Copy, exactly as written, the lines that begin at the one containing "HoldOneLight String Light" and end at the one containing "Modelo de TV". Skip any pictures in the data below.

> **MATERIAL SUPPLIED**:
———
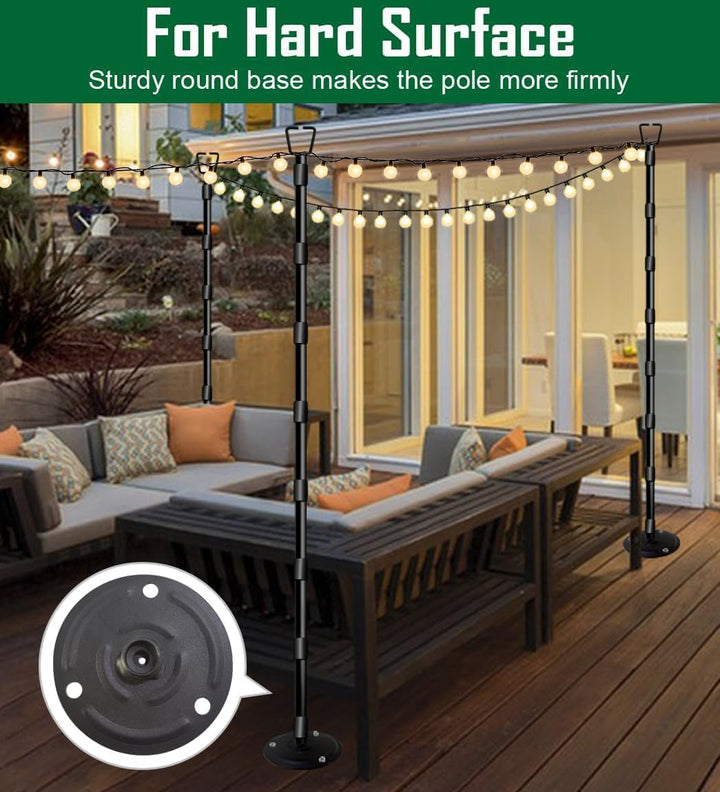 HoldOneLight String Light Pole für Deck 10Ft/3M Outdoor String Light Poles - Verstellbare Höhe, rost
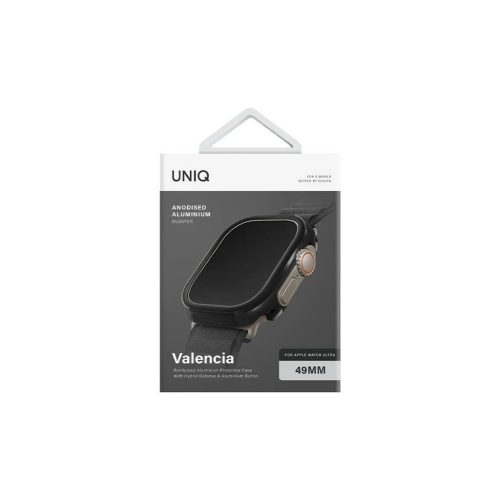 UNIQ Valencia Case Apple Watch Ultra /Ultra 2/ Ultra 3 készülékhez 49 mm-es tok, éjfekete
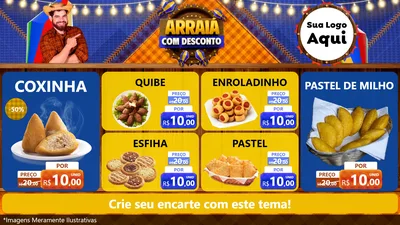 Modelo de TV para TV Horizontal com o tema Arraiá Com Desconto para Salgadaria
———
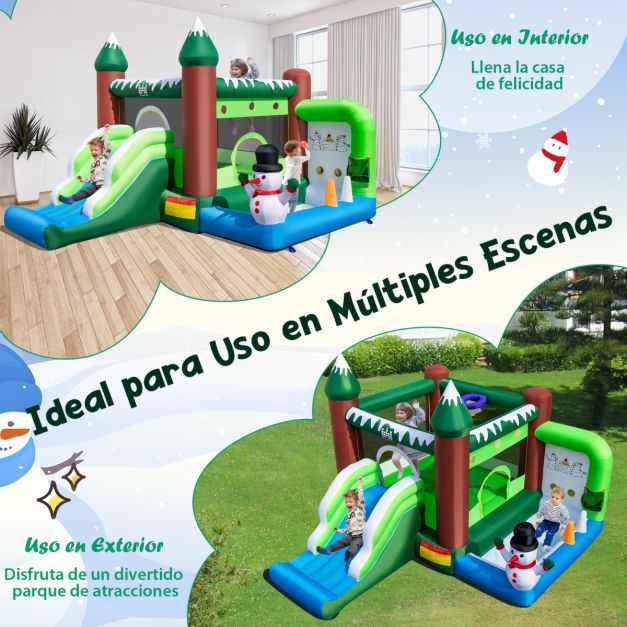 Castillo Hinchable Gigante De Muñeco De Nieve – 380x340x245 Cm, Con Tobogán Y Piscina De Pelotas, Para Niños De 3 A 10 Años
———
> **FINAL ANSWER**:
 HoldOneLight String Light Pole für Deck 10Ft/3M Outdoor String Light Poles - Verstellbare Höhe, rost
 UNIQ Valencia Case Apple Watch Ultra /Ultra 2/ Ultra 3 készülékhez 49 mm-es tok, éjfekete
 Modelo de TV para TV Horizontal com o tema Arraiá Com Desconto para Salgadaria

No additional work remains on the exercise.